Facebook’s Social Ad Strategy Suffers Legal Blow
In a ruling that could have significant implications for Facebook’s business, a U.S. district court judge has denied Facebook’s request to throw out a lawsuit by users upset about being featured in its advertisements.
A spokesman for Facebook said, “We are reviewing the decision and continue to believe that the case is without merit.”
Facebook’s business proposition is that ads are better when they are social, because we care about the products our friends endorse. The lawsuit is over a key type of social ad called a “Sponsored Story,” which is generated after a Facebook user clicks the “Like” button on a brand’s page and is shown to that user’s friends.
The plaintiffs in the case said that they clicked on “Like” buttons in order to “receive discounts on products, support social causes, or to see a humorous image.” They weren’t necessarily saying they endorsed a product or consented to be put in an ad.
In legal terms, Facebook allegedly violated their “right of publicity.”

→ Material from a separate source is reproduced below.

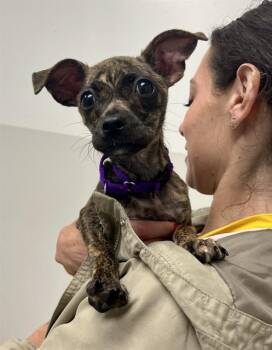 Chihuahua and Mixed Breed Dogs Available for Adoption in San Francisco, California - SASMOO | PetCurious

(For background, using the “Like” button as an access gate may not have been the original intent of the feature, which was a replacement for users becoming a fan of a brand’s page. However, lots of brands now do it so they can do things like raise their “Like” count, maintain ongoing relationships with users, and spread Sponsored Stories. This is something Facebook presumably could crack down on.)
(It’s possible that in the aftermath of the Facebook-FTC settlement, Facebook would have to be more careful about explaining and rolling out this kind of feature in the future.)
The plaintiffs want to be paid for their endorsements, citing public statements by Facebook execs about how effective the social ads are. Facebook COO Sheryl Sandberg has said Sponsored Stories are twice as likely to be remembered as an ordinary ad, and three times as likely to inspire a user to buy something.
In her ruling, Koh denied 10 different ways Facebook tried to get the case dismissed. The only place Koh agreed with Facebook is that the plaintiffs can’t claim “unjust enrichment” as a cause of action — but that’s basically a technicality, because recent California case law says that’s no longer something you can claim.
Please see the disclosure about Facebook in my ethics statement.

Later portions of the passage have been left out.